Mason appreciates the fact that the ammunition community, gathered together, gives depth to the discussions of great importance to all of them.
The conference gave "face to face interaction with the ammunition community as a whole to discuss issues, challenges and successes," according to Mason. "The discussions and camaraderie developed in sidebars and during briefings are just as important to developing momentum for specific programs, understanding issues and generating potential improvements," he said. "These 'dialogues' are just not developed to as a great an extent within an e-mail or teleconference environment."
Others appreciated the chance to discover that all were in one accord.
"This conference afforded many opportunities for interaction and through that we discovered we are all playing from the same sheet of music," said Harrell Hignight, director, Red River Munitions Center.
Col. Anne Davis, commander, Tooele, thought the openness and the sharing of information was a great feature of the conference. "One of the biggest things we have gained from the warm base/workloading conference is the sharing of information. Previously, workloading was done in functional stovepipes and behind closed doors. Rationale for why decisions were being made were not shared throughout the ammunition enterprise. We have improved tremendously in this area," she said.
This sentiment was echoed by Edward Averill, civilian executive assistant, Letterkenny. "There was a lot of information sharing at this conference, even better than what we have had," he said. "This serves to pull us toward the 'corporate view'."
Mason feels that this conference provides the impetus for planning. "This conference is a major component in how the depot will organize itself with regard to workforce, budget, and investment in the near and long term for success," he said. It serves as a quality check against the often "disparate planning and execution efforts that constantly occur at the tactical, operational and strategic levels."
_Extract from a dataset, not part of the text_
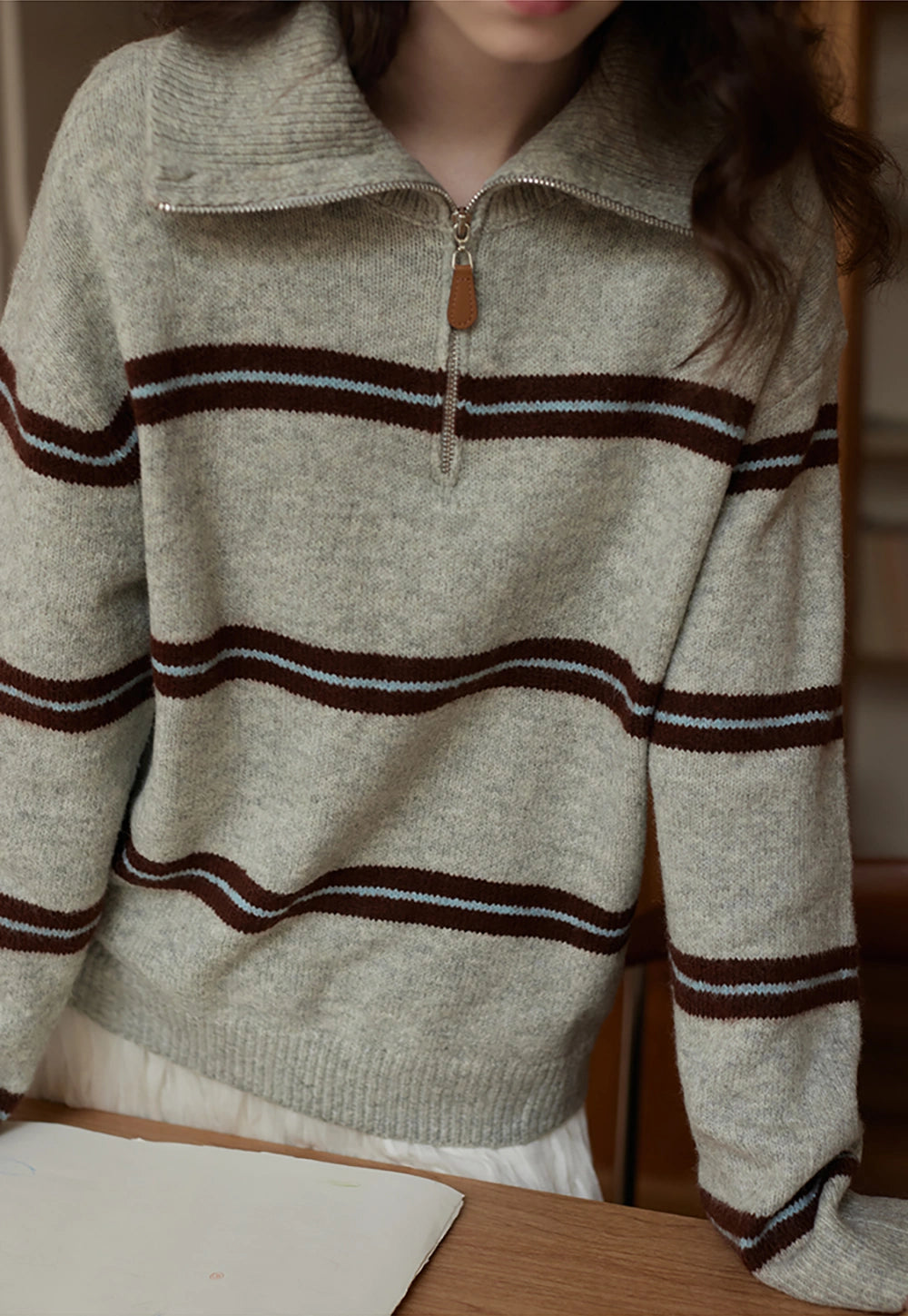 Women's Striped Half-Zip Sweater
"The briefings by the headquarters on their strategic direction are invaluable. It allows the depots to perhaps better understand impacts and direction," said Davis. "The open forum discussions, and comments not only by leadership but action officers, can offer valuable insights and potential improvements if accepted by the headquarters."
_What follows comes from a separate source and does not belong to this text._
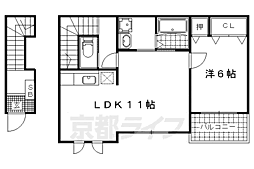 ラフィーネ坂本 2階1LDKの間取り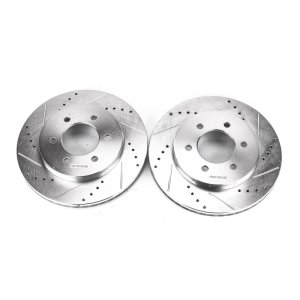 Ford F-150 Brake Rotors (2) - Front - PowerStop - Evolution Drilled & Slotted - Silver Zinc - `04-`08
Davis offers a caveat, however: "We are moving in the right direction regarding ILS and ILES but we are not there yet," she said. "Workloading and the budget cycle are still not in sync because the installations are being asked to develop a budget for fiscal year 2010 with a very fuzzy picture of what the workload will be."
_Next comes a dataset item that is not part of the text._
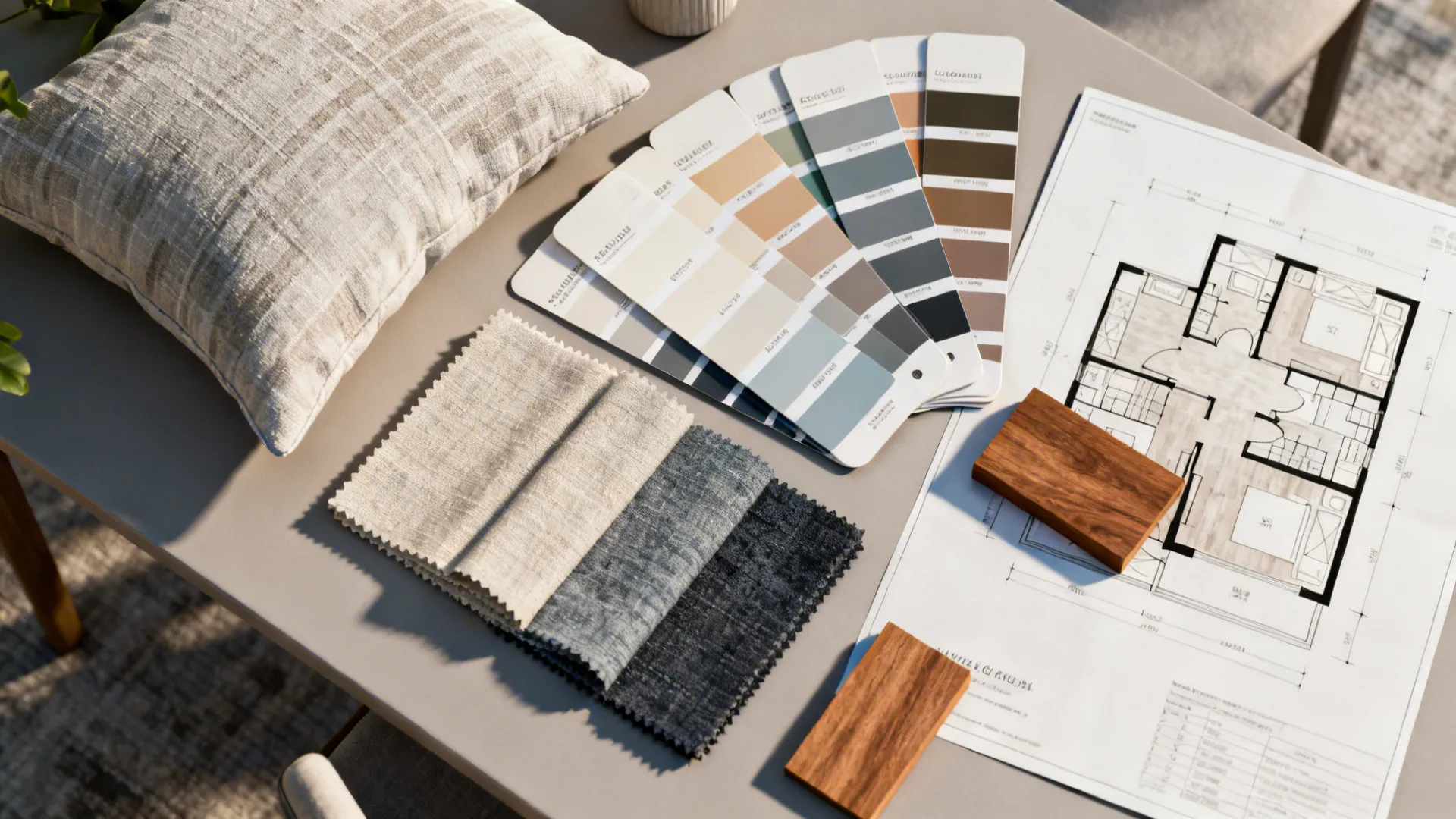 Top-down flatlay of paint swatches, fabric samples and a floorplan for testing neutrals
Davis believes there is too much emphasis on the workload forecast and not enough on the larger picture. "Unfortunately, there is almost no focus on how to grow the workload pie as a whole so that there is more work for the enterprise as a whole. I believe this is a strategic issue that needs attention," she said.
ILS is an ammunition logistics strategy that looks to achieve an operating optimum balance among inventory, warm-base and outload. ILES ensures appropriate measures, means, and incentives are established to drive enterprise level efficiencies and improve economic performance across the base.